TASK DESCRIPTION:
All of the entries below should be printed exactly; the pictures are to be left out.

= = =

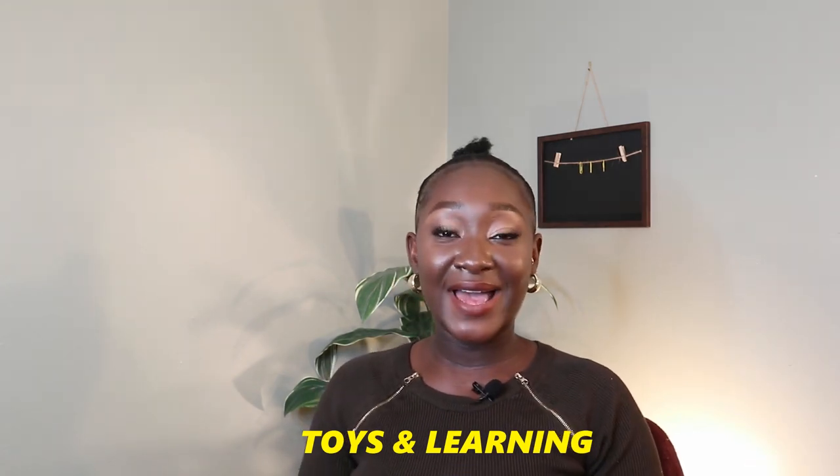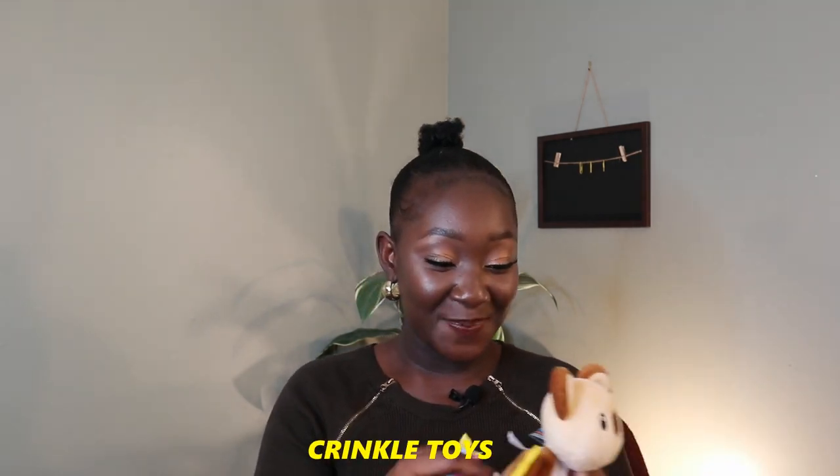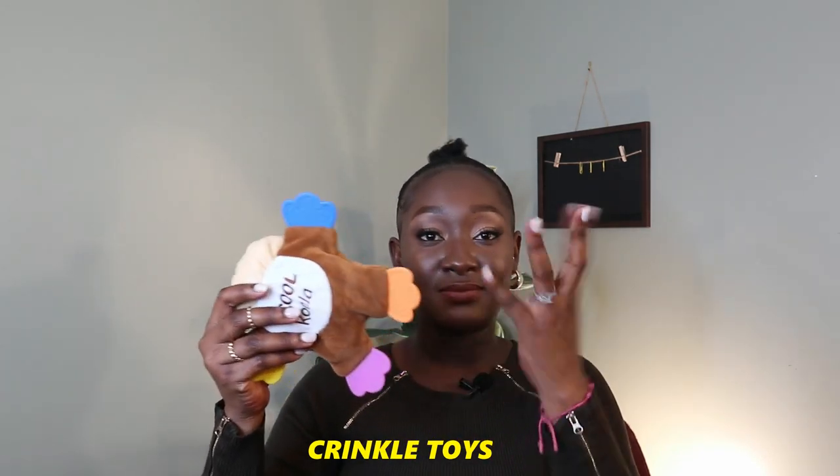For toys and learning: I have my crinkle toys — she totally loves these. I call them crunchy but they're crinkle. These are the crinkle toys that they play with, and this particular one I have also has teething toys on them, so she's able to put it in her mouth. What I like about it is you're able to wash it, which was a concern since she puts it in her mouth constantly. I wash it and she loves this particular one — it looks like a koala bear.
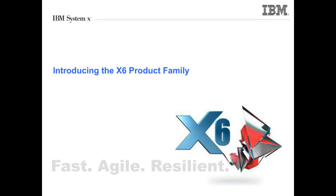Good day, everyone. My name is Kevin Murray. I'm a worldwide X86 Market Segment Manager for IBM. Today, we're going to be talking about the brand-new, fast, agile, and resilient X6 product family. So let's get started.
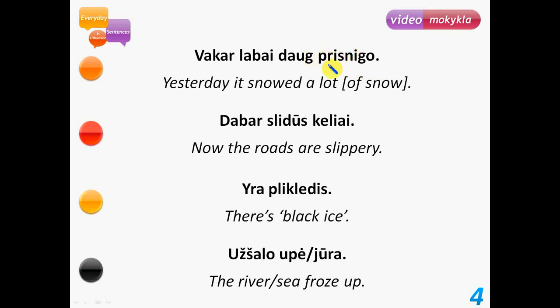Prisnigo is the finished action with the prefix. Dabar slidūs keliai – now the roads are slippery. Slidus means slippery, similar to words in Italian and English. Next: Yra plikledis – there's black ice, meaning there's a thin ice layer on streets and pavements. You can hear during a weather forecast the words yra plikledis or bus plikledis – there will be black ice.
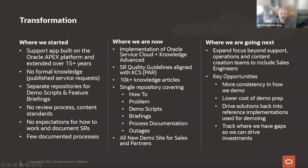Now we're three years into the journey. We've implemented Oracle's Service Cloud product — the B2C service product with the Knowledge Advanced tool. We have service request guidelines and quality guidelines aligned with KCS and the PAR process. We have well over 10,000 knowledge articles and right now six different content types, with plans to expand. We've also built a brand-new site for end users to access demos, request environments and integrations, and access the knowledge and support site.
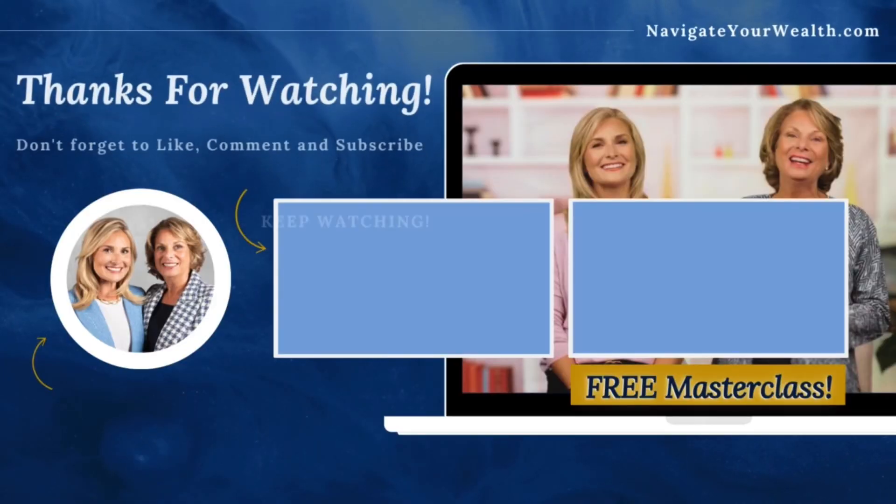If you'd like to see what your GPS can look like and how well you are diversified, click on the link below and apply to become our client. If you liked this video, please give it a thumbs up, subscribe to our channel, and share it with a friend. Thanks again for watching, and remember — if what you thought to be true turned out not to be, when would you want to know it?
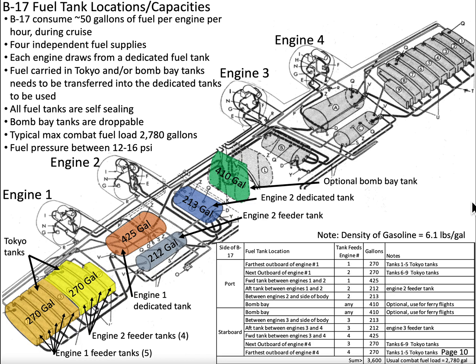Today we'll discuss the B-17 Flying Fortress's fuel system. We'll use a schematic to aid in our discussion and then look at some tabular data. Since the airplane is symmetrical about its center line, we're only going to look at engine number one and engine number two. Through similarity, we can see that the systems apply to engines three and four identically.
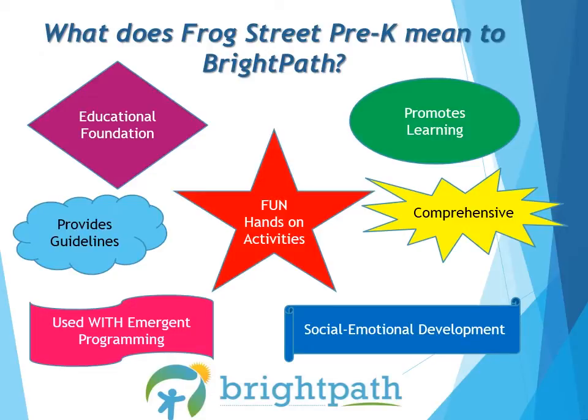The Frog Street curriculum has a very strong focus on the importance of developing children's social and emotional skills. Frog Street includes a daily greeting circle that helps children feel that they are an important member of their school family, learn to recognize and express their feelings, make connections with their peers, and to make commitments that help them to develop their social and emotional skills.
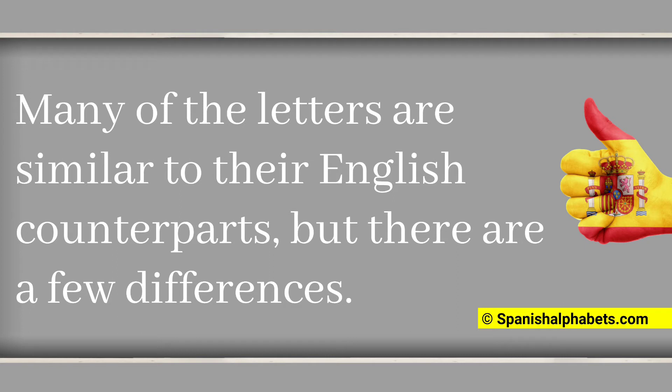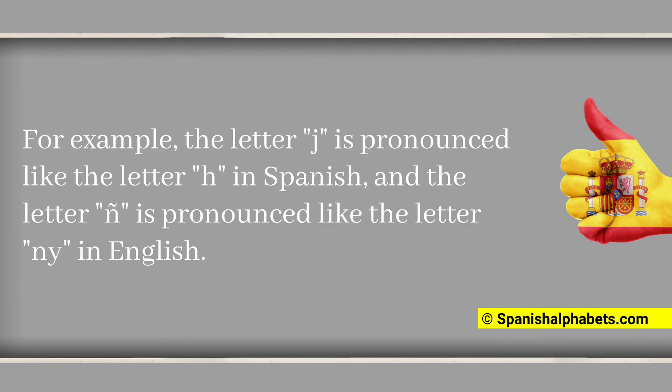For example, the letter J is pronounced like the letter H in Spanish, and the letter Ñ is pronounced like the letters N-Y in English.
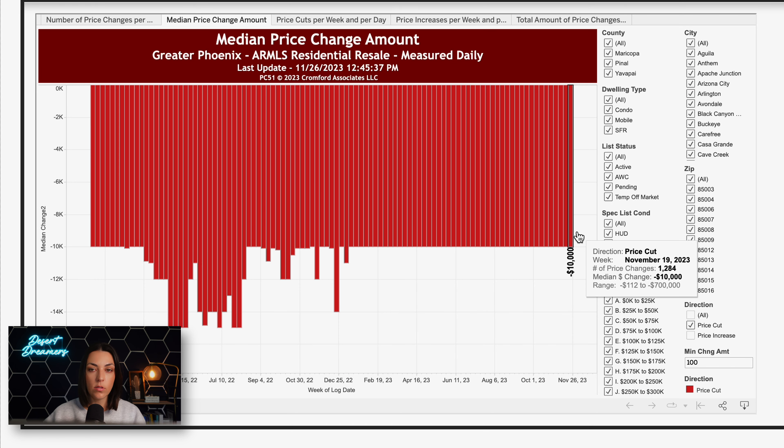Seller concessions are the other way to get yourself a discount. Basically, the seller gives the buyer some money to put towards their closing costs — which are lender fees, title fees, that kind of thing — or they can use that money to buy down the interest rate. Buying down an interest rate can be a very expensive process these days, but depending on how much concession you get, you may be able to apply it towards buying down the rate and getting a more affordable monthly payment. It's something to explore with your lender, but you get to decide what that concession is applied to — and it cannot be applied to your down payment, only towards closing costs.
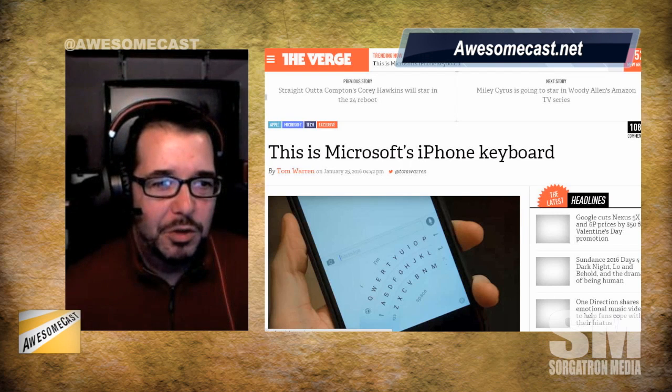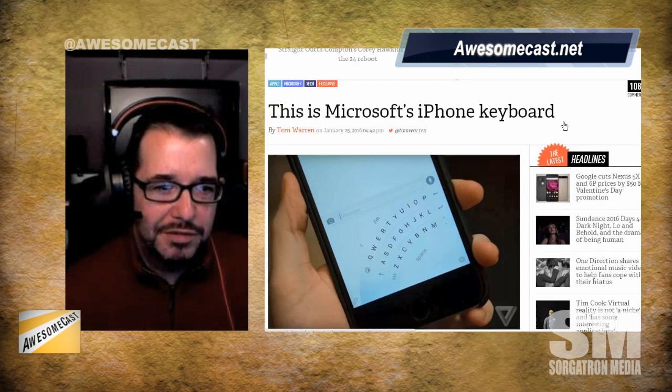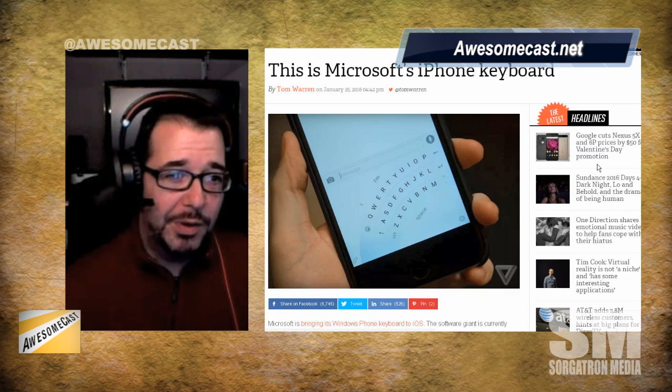Microsoft has announced an iPhone keyboard that uses Word Flow, and this has been confirmed on a couple of news outlets. This is one of a number of apps quickly being announced by Microsoft Garage for iOS.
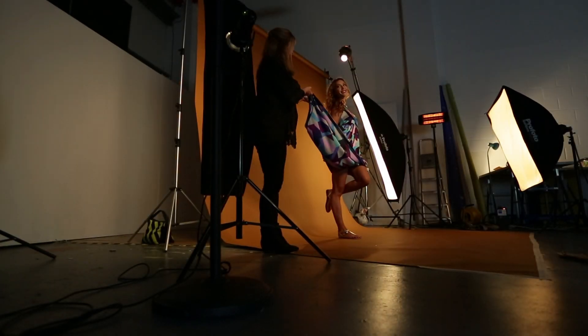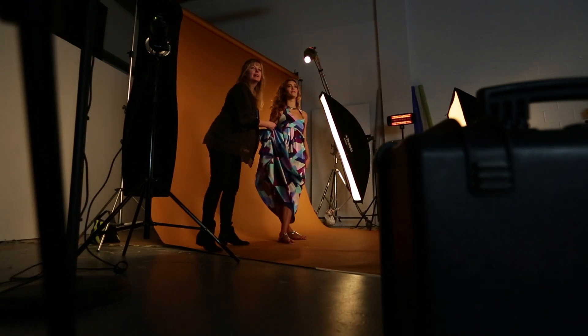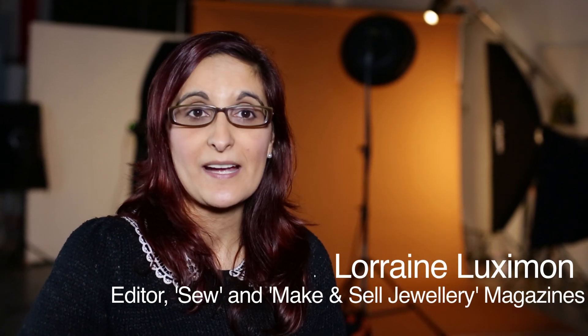Today we're working on Sew and Make Jewellery magazine's June issue model shots. We've got some great pieces for Sew, including a really great New Look fitted dress and some great summer halter neck dresses including a maxi dress.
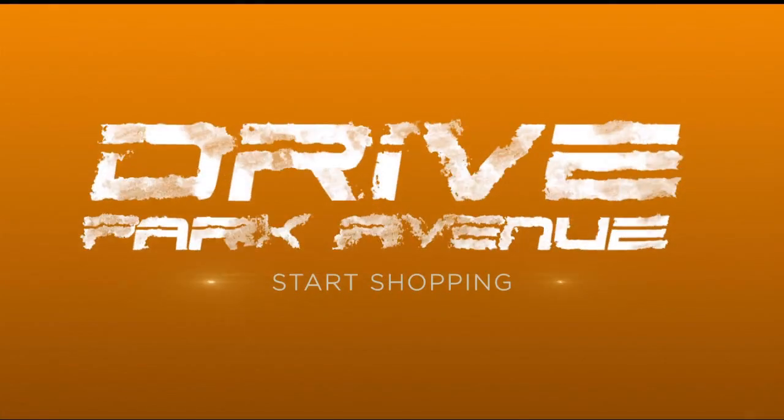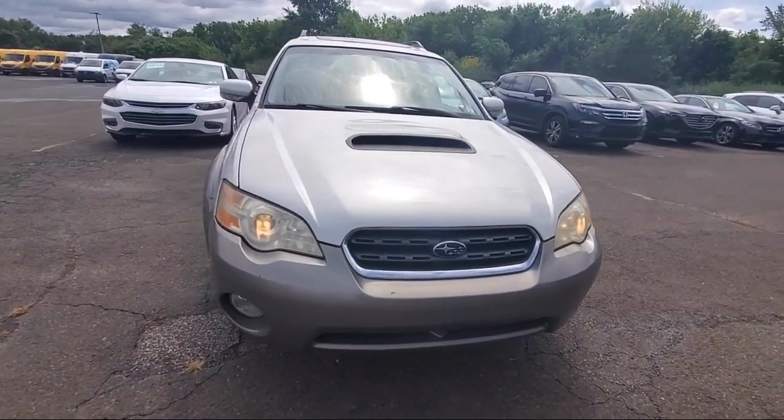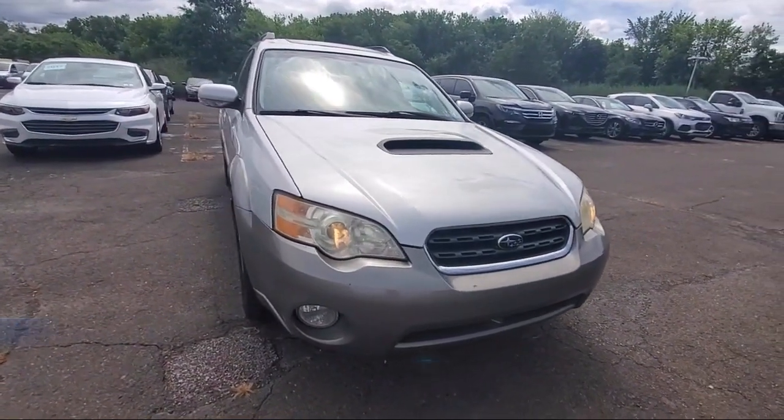Welcome to Drive Park Avenue, where we make the shopping experience easy and enjoyable. We have three great locations for your convenience.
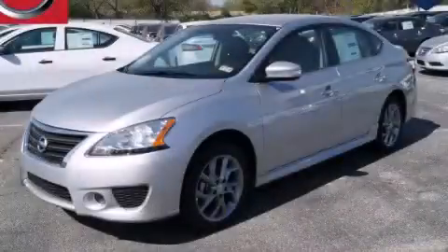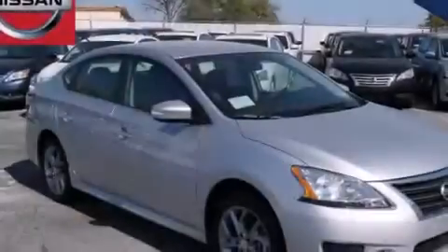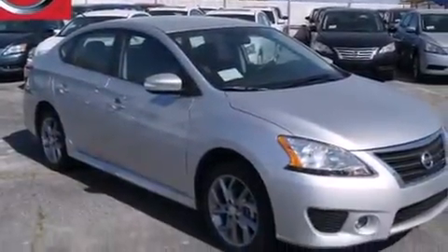This is a brand new 2015 Nissan Sentra. It has a 1.8-liter four-cylinder engine and an automatic transmission.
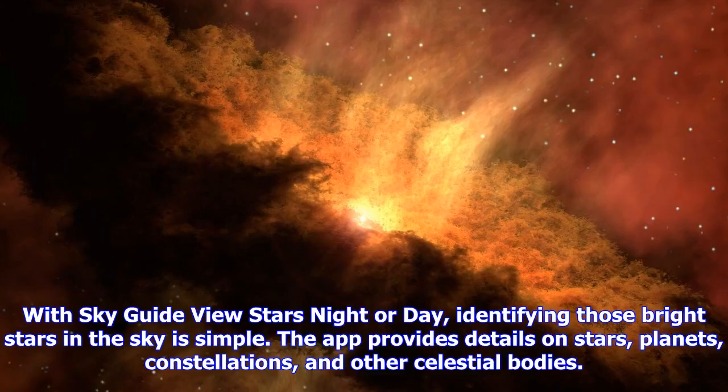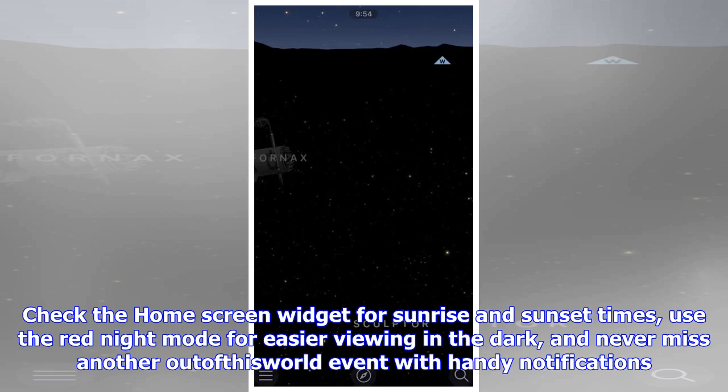With SkyGuide, view stars night or day — identifying those bright stars in the sky is simple. The app provides details on stars, planets, constellations, and other celestial bodies. Check the home screen widget for sunrise and sunset times, use the red night mode for easier viewing in the dark, and never miss another out-of-this-world event with handy notifications.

= = =

ANSWER TO THE PROBLEM:
For toys and learning: I have my crinkle toys — she totally loves these. I call them crunchy but they're crinkle. These are the crinkle toys that they play with, and this particular one I have also has teething toys on them, so she's able to put it in her mouth. What I like about it is you're able to wash it, which was a concern since she puts it in her mouth constantly. I wash it and she loves this particular one — it looks like a koala bear.
Good day, everyone. My name is Kevin Murray. I'm a worldwide X86 Market Segment Manager for IBM. Today, we're going to be talking about the brand-new, fast, agile, and resilient X6 product family. So let's get started.
Prisnigo is the finished action with the prefix. Dabar slidūs keliai – now the roads are slippery. Slidus means slippery, similar to words in Italian and English. Next: Yra plikledis – there's black ice, meaning there's a thin ice layer on streets and pavements. You can hear during a weather forecast the words yra plikledis or bus plikledis – there will be black ice.
Now we're three years into the journey. We've implemented Oracle's Service Cloud product — the B2C service product with the Knowledge Advanced tool. We have service request guidelines and quality guidelines aligned with KCS and the PAR process. We have well over 10,000 knowledge articles and right now six different content types, with plans to expand. We've also built a brand-new site for end users to access demos, request environments and integrations, and access the knowledge and support site.
If you'd like to see what your GPS can look like and how well you are diversified, click on the link below and apply to become our client. If you liked this video, please give it a thumbs up, subscribe to our channel, and share it with a friend. Thanks again for watching, and remember — if what you thought to be true turned out not to be, when would you want to know it?
Today we'll discuss the B-17 Flying Fortress's fuel system. We'll use a schematic to aid in our discussion and then look at some tabular data. Since the airplane is symmetrical about its center line, we're only going to look at engine number one and engine number two. Through similarity, we can see that the systems apply to engines three and four identically.
The Frog Street curriculum has a very strong focus on the importance of developing children's social and emotional skills. Frog Street includes a daily greeting circle that helps children feel that they are an important member of their school family, learn to recognize and express their feelings, make connections with their peers, and to make commitments that help them to develop their social and emotional skills.
For example, the letter J is pronounced like the letter H in Spanish, and the letter Ñ is pronounced like the letters N-Y in English.
Seller concessions are the other way to get yourself a discount. Basically, the seller gives the buyer some money to put towards their closing costs — which are lender fees, title fees, that kind of thing — or they can use that money to buy down the interest rate. Buying down an interest rate can be a very expensive process these days, but depending on how much concession you get, you may be able to apply it towards buying down the rate and getting a more affordable monthly payment. It's something to explore with your lender, but you get to decide what that concession is applied to — and it cannot be applied to your down payment, only towards closing costs.
Microsoft has announced an iPhone keyboard that uses Word Flow, and this has been confirmed on a couple of news outlets. This is one of a number of apps quickly being announced by Microsoft Garage for iOS.
Today we're working on Sew and Make Jewellery magazine's June issue model shots. We've got some great pieces for Sew, including a really great New Look fitted dress and some great summer halter neck dresses including a maxi dress.
Welcome to Drive Park Avenue, where we make the shopping experience easy and enjoyable. We have three great locations for your convenience.
This is a brand new 2015 Nissan Sentra. It has a 1.8-liter four-cylinder engine and an automatic transmission.
With SkyGuide, view stars night or day — identifying those bright stars in the sky is simple. The app provides details on stars, planets, constellations, and other celestial bodies. Check the home screen widget for sunrise and sunset times, use the red night mode for easier viewing in the dark, and never miss another out-of-this-world event with handy notifications.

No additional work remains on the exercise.